### [Information provided]
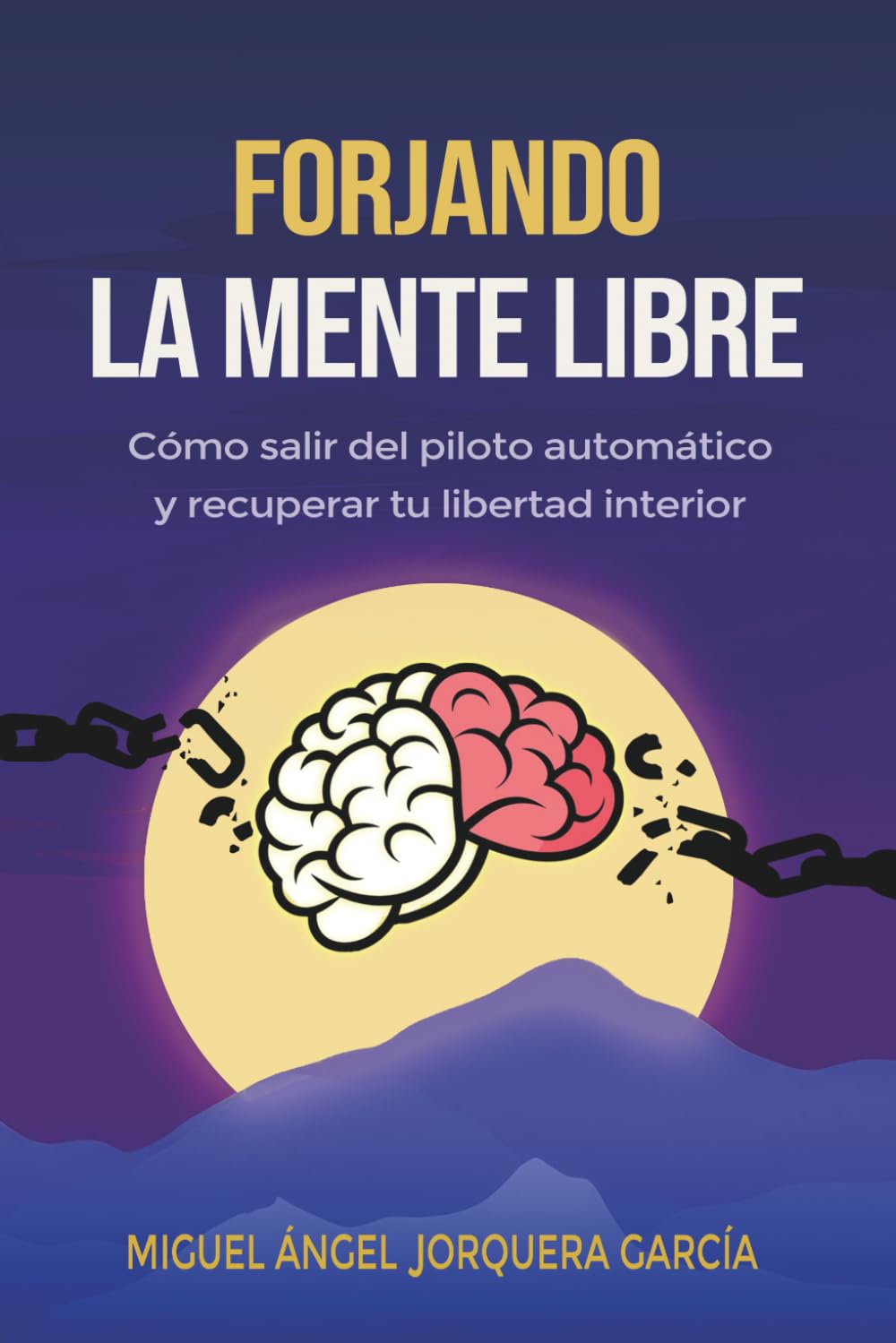 Libro: FORJANDO LA MENTE LIBRE: Cómo salir del piloto automático, romper patrones mentales y dejar de sobrepensar para recuperar tu libertad interior (Serie Forjando)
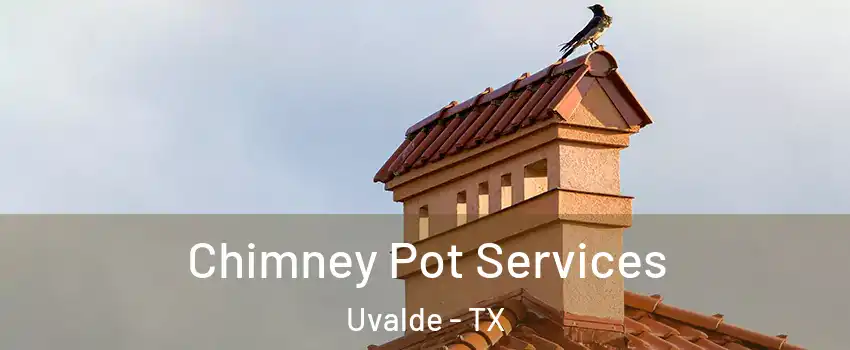  Chimney Pot Services Uvalde - TX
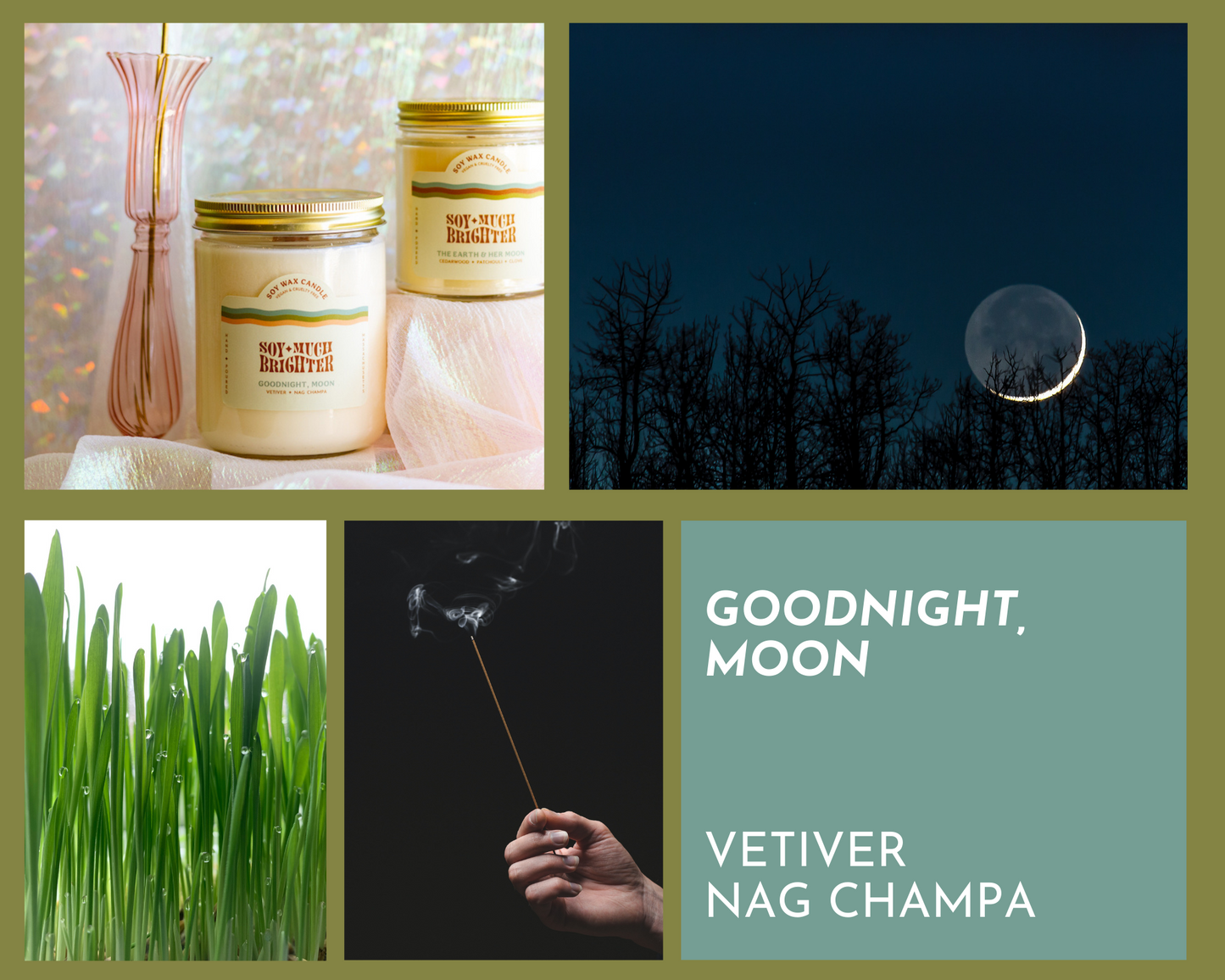 Goodnight, Moon: Vetiver + Nag Champa
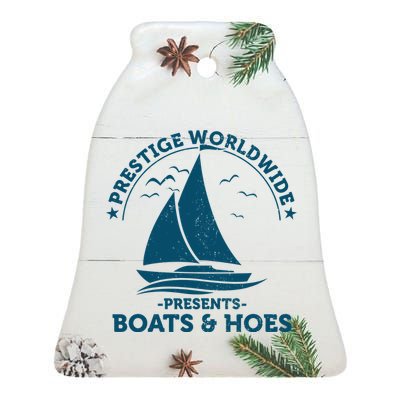 Prestige Worldwide Presents Boats & Hoes Ceramic Bell Ornament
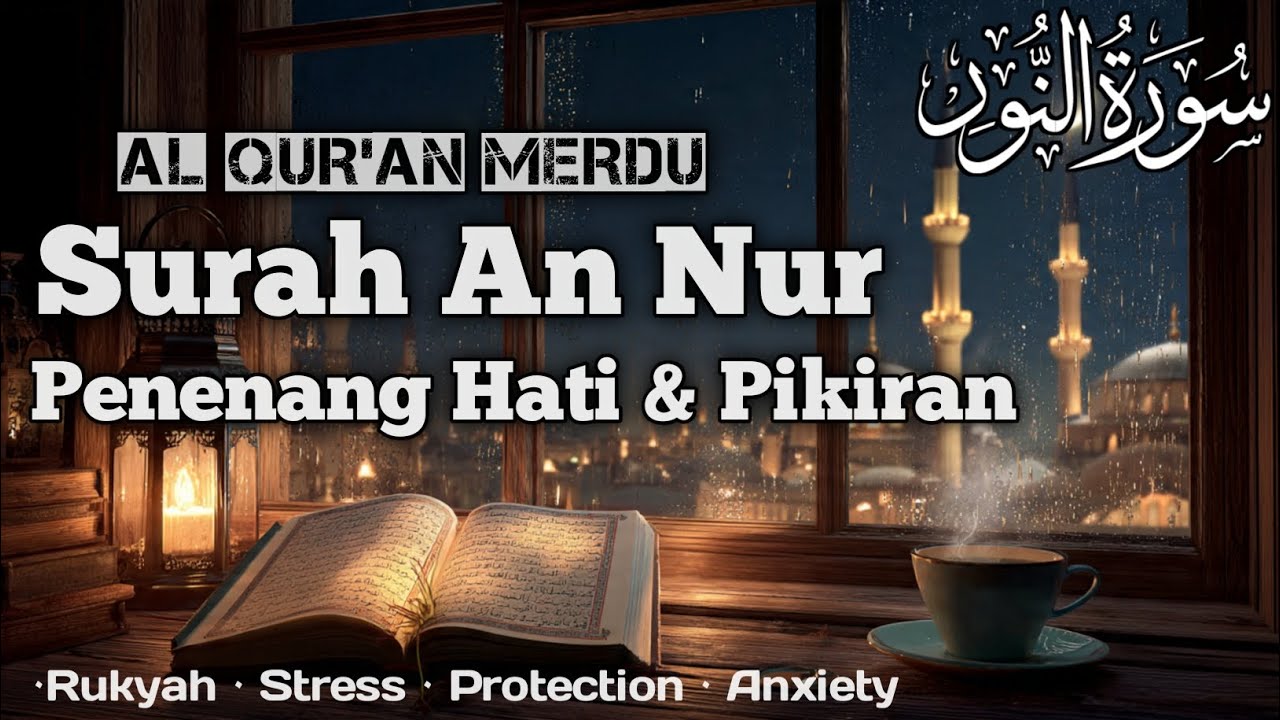 QURAN MERDU SURAT AN NUR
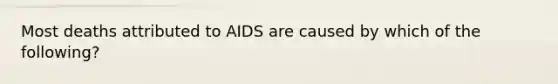 Most deaths attributed to AIDS are caused by which of the following?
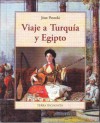 Viaje a Turquía y Egipto - Jan Potocki, Manuel Serrat Crespo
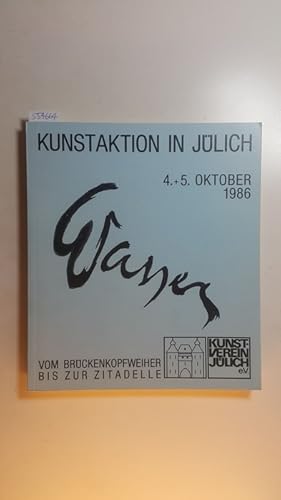Bild des Verkufers fr Wasser - vom Brckenkopfweiher bis zur Zitadelle : Kunstaktion in Jlich, 4. + 5. Oktober 1986 zum Verkauf von Gebrauchtbcherlogistik  H.J. Lauterbach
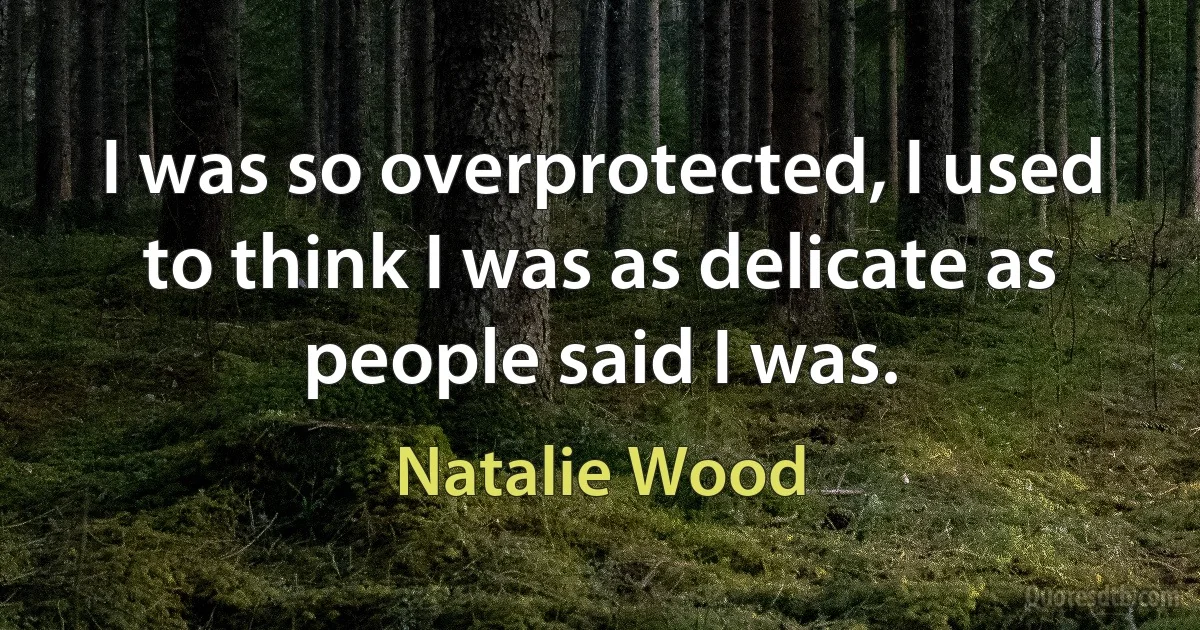 I was so overprotected, I used to think I was as delicate as people said I was. (Natalie Wood)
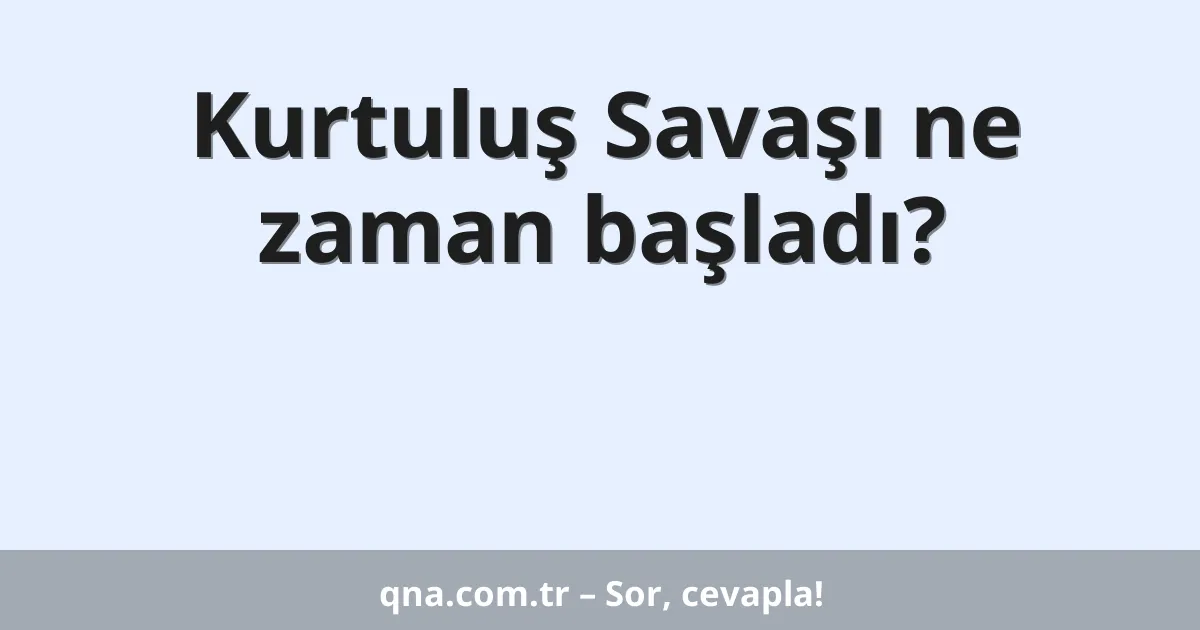 Kurtuluş Savaşı ne zaman başladı?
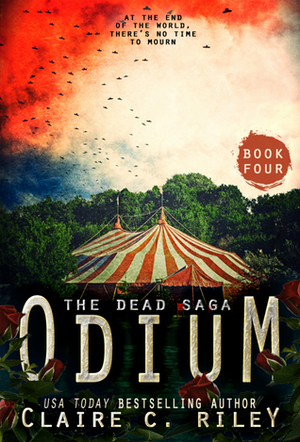 Odium IV by Claire C. Riley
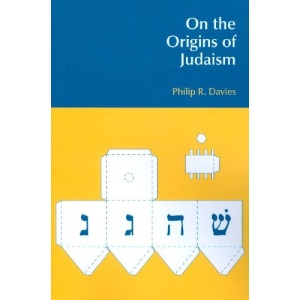 On the Origins of Judaism (BibleWorld)
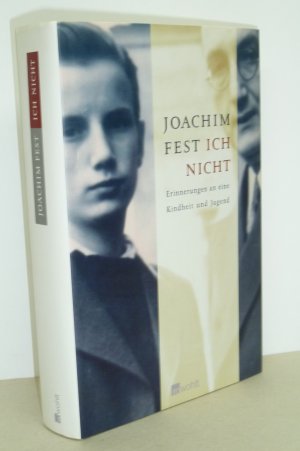 gebrauchtes Buch – Joachim Fest – Ich nicht - Erinnerungen an eine Kindheit und Jugend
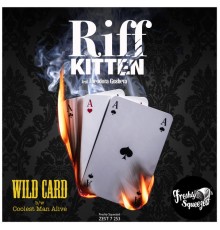 Riff Kitten - Wild Card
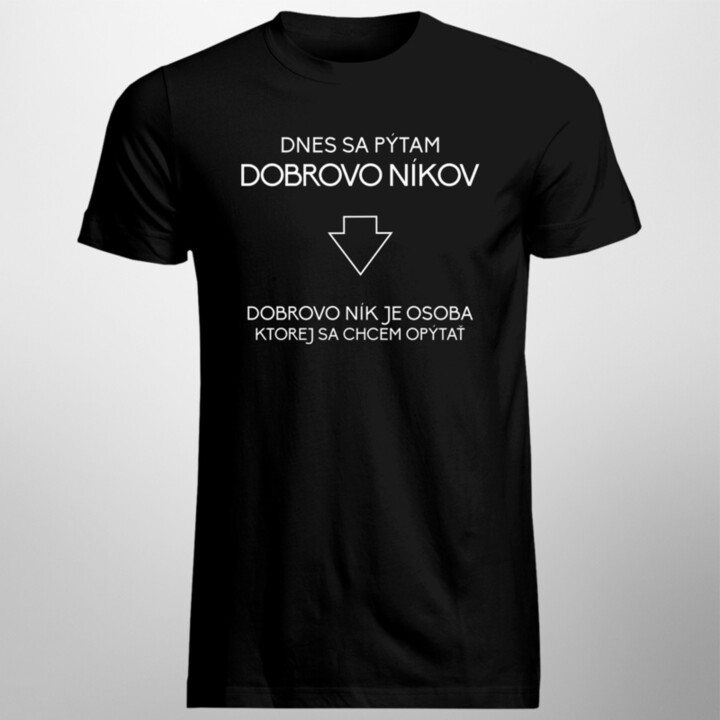 Dnes sa pýtam dobrovoľníkov - pánske a dámske tričko s potlačou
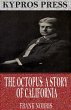 The Octopus: A Story of California... - Bild 1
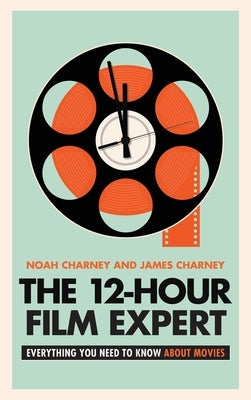 The 12-Hour Film Expert: Everything You Need to Know about Movies by Charney, Noah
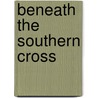 Beneath The Southern Cross door Maytham Carey Maytham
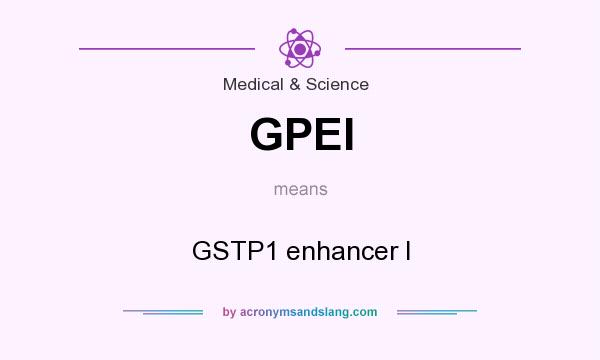 What does GPEI mean? It stands for GSTP1 enhancer I
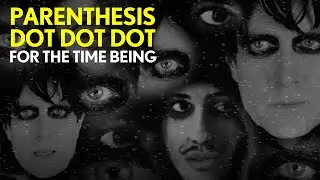 &lsquo;For The Time Being&rsquo; - by Parenthesis Dot Dot Dot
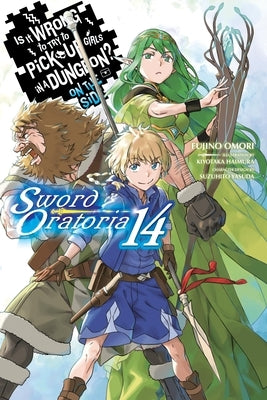 Is It Wrong to Try to Pick Up Girls in a Dungeon? on the Side: Sword Oratoria, Vol. 14 (Light Novel) by Omori, Fujino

### [Exercise aim]
Any picture in the listing is to be omitted. Return exactly the lines from the one containing "What does GPEI" through its last line, both included, and only those.

### [Written solution]
 What does GPEI mean? It stands for GSTP1 enhancer I
 &lsquo;For The Time Being&rsquo; - by Parenthesis Dot Dot Dot
 Is It Wrong to Try to Pick Up Girls in a Dungeon? on the Side: Sword Oratoria, Vol. 14 (Light Novel) by Omori, Fujino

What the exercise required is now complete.